10. Miss Miu, Switzerland

In the restaurant, a young Korean lady named “Miu” who joined a travelling circus in Seoul in the 1980s and swiftly rose to prominence with her burlesque performances is shown in a fictionalized manner. The Miss Miu visitors are taken into a Mystical Circus World between burlesque and “Naughty Korea.”

Photo credit: Krucker Partner AG
Photo credit: Krucker Partner AG

The use of a circus tent to bridge the facade-separated interior and outdoor spaces in this project was a significant difficulty in maintaining the space’s unity. The front of the building was intended to physically melt and flow within, merging the interior and outside worlds. Other dedicated all-weather spaces were made utilizing snug circus wagons and trailers in addition to the circus tent.
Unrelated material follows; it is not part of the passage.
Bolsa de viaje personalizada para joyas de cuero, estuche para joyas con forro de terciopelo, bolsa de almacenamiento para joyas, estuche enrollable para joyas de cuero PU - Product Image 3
Photo credit: Krucker Partner AG
Photo credit: Krucker Partner AG

There are several fun areas spread around the restaurant. The authentically recreated BBQ Street offers a variety of sensual experiences, including a carousel lounge with floating balloons, a bus stop in Gangnam that serves as a waiting area for takeout, a self-order station turned gaming salon, a small shop, a knife-throwing wall for photos, the circus tent with a stage where guests can enjoy exciting burlesque performances, or you can simply go on a sensual journey of experience there.